**SOURCE DATA**:
·····
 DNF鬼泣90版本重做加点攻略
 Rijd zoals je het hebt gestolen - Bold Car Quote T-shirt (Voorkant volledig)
·····
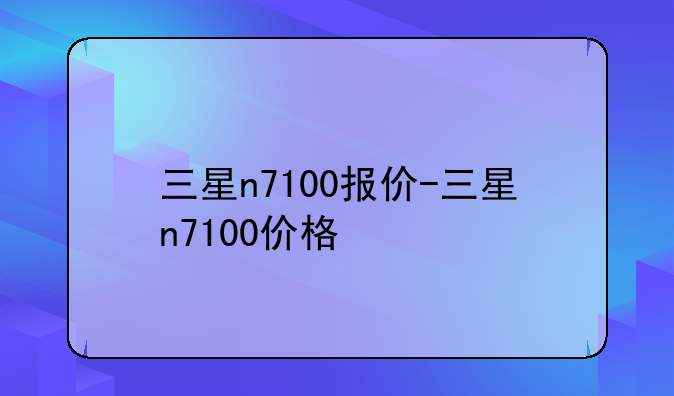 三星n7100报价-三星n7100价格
·····
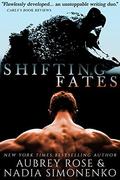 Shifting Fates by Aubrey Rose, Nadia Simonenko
·····
**YOUR ASSIGNMENT**: Give back exactly the lines above starting at the line where "DNF鬼泣90版本重做加点攻略" appears and ending at the line where "Rijd zoals je" appears, both included, with no other lines.

**OUTPUT OF THE TASK**:
 DNF鬼泣90版本重做加点攻略
 Rijd zoals je het hebt gestolen - Bold Car Quote T-shirt (Voorkant volledig)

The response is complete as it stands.